▶ _Problem description_:
Copy out the final stretch of the listing: the line that contains "Socsci 08 00072 g001" and all lines after it, exactly as they appear.

▶ _Data extract_:
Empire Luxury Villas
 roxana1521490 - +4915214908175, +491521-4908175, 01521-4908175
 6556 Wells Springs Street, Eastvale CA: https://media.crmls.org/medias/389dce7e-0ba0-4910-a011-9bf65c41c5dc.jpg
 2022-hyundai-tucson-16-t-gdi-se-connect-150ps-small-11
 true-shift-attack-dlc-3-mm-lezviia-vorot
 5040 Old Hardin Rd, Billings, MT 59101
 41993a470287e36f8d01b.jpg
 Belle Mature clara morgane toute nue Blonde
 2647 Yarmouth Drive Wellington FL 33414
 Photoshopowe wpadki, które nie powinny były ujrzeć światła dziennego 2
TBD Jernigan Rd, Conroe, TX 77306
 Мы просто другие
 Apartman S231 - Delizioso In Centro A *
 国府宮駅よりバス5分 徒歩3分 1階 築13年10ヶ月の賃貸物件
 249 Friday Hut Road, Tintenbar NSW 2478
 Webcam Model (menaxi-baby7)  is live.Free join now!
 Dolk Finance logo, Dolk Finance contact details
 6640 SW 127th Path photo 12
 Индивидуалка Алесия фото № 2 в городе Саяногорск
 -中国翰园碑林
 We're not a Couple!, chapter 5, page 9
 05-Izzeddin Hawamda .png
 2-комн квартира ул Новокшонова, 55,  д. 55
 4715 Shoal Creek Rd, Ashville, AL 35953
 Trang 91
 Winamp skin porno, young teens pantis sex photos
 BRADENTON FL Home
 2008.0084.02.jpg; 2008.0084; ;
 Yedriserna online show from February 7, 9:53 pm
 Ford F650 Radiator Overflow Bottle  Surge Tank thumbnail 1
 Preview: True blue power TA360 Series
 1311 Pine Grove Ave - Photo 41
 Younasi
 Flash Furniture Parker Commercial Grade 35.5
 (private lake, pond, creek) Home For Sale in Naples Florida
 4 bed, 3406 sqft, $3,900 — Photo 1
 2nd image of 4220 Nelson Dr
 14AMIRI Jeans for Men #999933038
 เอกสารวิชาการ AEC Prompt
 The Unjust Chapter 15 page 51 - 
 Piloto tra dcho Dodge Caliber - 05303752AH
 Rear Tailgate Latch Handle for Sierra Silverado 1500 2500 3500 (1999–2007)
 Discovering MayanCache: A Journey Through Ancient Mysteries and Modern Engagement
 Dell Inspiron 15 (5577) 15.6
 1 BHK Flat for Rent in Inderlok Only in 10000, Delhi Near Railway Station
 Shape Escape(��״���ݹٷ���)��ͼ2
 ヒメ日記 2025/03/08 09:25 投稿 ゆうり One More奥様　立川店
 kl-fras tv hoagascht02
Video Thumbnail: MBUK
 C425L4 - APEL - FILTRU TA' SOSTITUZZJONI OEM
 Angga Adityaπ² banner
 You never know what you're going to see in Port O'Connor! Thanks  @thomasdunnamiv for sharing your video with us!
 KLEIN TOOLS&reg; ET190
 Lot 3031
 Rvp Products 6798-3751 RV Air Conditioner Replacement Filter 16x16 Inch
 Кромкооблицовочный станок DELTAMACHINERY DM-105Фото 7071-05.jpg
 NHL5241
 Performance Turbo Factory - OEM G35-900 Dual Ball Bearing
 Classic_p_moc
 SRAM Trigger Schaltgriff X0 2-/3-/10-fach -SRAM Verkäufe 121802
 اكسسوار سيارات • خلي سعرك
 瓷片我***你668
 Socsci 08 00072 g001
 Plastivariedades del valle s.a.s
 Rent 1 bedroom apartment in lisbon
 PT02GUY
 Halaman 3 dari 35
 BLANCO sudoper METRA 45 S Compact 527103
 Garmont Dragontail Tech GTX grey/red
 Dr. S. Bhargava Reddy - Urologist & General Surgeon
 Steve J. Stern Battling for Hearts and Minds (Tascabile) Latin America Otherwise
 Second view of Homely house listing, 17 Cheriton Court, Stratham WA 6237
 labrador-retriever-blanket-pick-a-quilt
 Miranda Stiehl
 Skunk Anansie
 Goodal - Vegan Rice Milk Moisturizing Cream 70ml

▶ _Result for this exercise_:
 Socsci 08 00072 g001
 Plastivariedades del valle s.a.s
 Rent 1 bedroom apartment in lisbon
 PT02GUY
 Halaman 3 dari 35
 BLANCO sudoper METRA 45 S Compact 527103
 Garmont Dragontail Tech GTX grey/red
 Dr. S. Bhargava Reddy - Urologist & General Surgeon
 Steve J. Stern Battling for Hearts and Minds (Tascabile) Latin America Otherwise
 Second view of Homely house listing, 17 Cheriton Court, Stratham WA 6237
 labrador-retriever-blanket-pick-a-quilt
 Miranda Stiehl
 Skunk Anansie
 Goodal - Vegan Rice Milk Moisturizing Cream 70ml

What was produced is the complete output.